His technical expertise, especially in the field of computers and high-tech gadgetry quickly made him Bin Laden’s computer expert. He soon earned a place on al Qaeda's ruling council, or shura.
He later left Sudan before bin Laden's departure for Afghanistan in 1996, moving to Qatar before settling in Manchester, England. The British government granted him political asylum after he expressed a fear of persecution if sent back home.
After he was indicted two years ago in New York in connection with the 1998 bombings of the American embassies in Nairobi and Tanzania, British law enforcement authorities sought to arrest him, but found he had escaped, the Washington Post said.
British Special Branch agents found incriminating evidence at his home, though, including a comprehensive terrorist manual recorded on a computer disk. U.S. Attorney General John D. Ashcroft has described the document as "a how-to guide for terrorists that instructs enemy operatives in the art of killing in a free society."
The manual was introduced as evidence in the trial stemming from the Nairobi embassy bombing that killed 213 people, including 12 Americans. Some of the sections included in the manual explain how to kidnap enemy personnel, spread rumors, write statements which instigate people against the enemy as well as blast and destroy embassies.
“It contains instructions on how to use forged documents, how to prepare cover stories if detained by police and how to act if jailed”, namely, complain of being mistreated while in prison.
Meanwhile, terrorism experts claim al Liby had made his way to Afghanistan, where he apparently helped lead at least the early stage of al Qaeda's resistance to U.S. military operations, which began on October 7th late last year. It is still unclear when he traveled to Sudan.
Two former al Qaeda operatives who testified in the Kenya embassy bombing trial last year worked with Liby, according to court testimony. L'Houssiane Kherchtou, who was in Kenya in 1994, studying to be a pilot for bin Laden's private aircraft, said that he had been in Afghanistan training with Liby in surveillance techniques.
In 1994, al Liby traveled to Nairobi with camera equipment, Kherchtou testified. He added that al Liby was accompanied by their former surveillance instructor, Ali Mohamad, an Egyptian American who pleaded guilty to participation in planning the embassy bombings.

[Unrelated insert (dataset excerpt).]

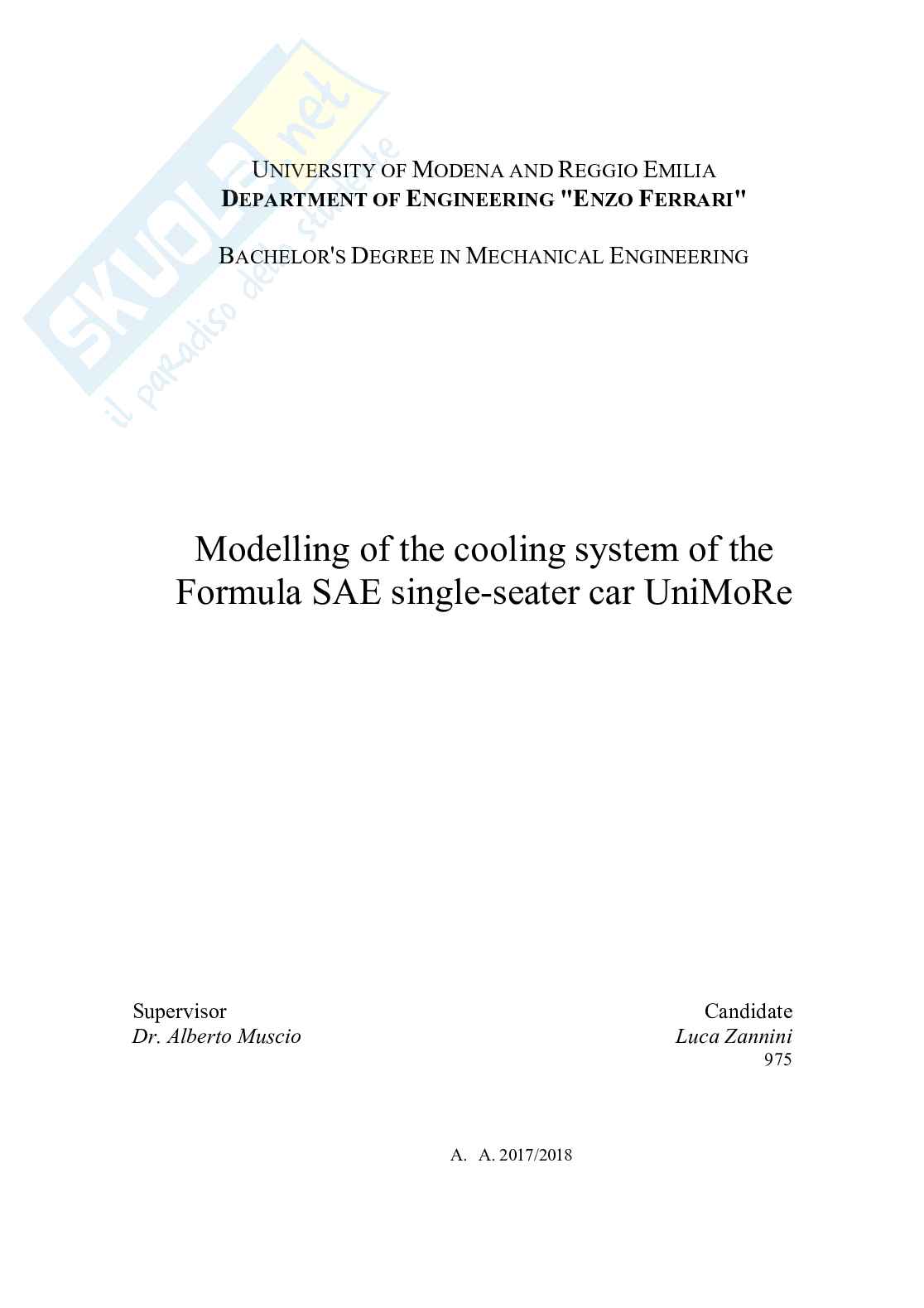 Modellazione del sistema di raffreddamento della monoposto di Formula SAE Pag. 1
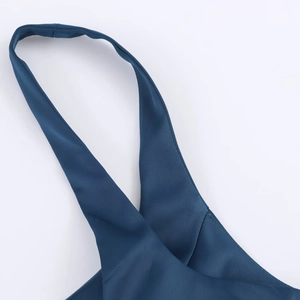 Detail shot of navy blue satin midi dress showing smooth fabric and neat stitching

Kherchtou testified that he saw Liby once some 400 yards from the U.S. Embassy taking pictures, and that Liby developed them while in Kherchtou's Nairobi apartment.
Pictures had been a major part of the al Qaeda planning for terrorist bombing attacks, according to Jamal Ahmed Fadl, the second former al Qaeda member who testified at the bombing trial.
Fadl, who worked in Sudan for Osama bin Laden during the early 1990s, also knew al Liby during that time. He said Liby used computers and taught others how to put surveillance information collected on computers and transfer the data to disks. (Albawaba.com)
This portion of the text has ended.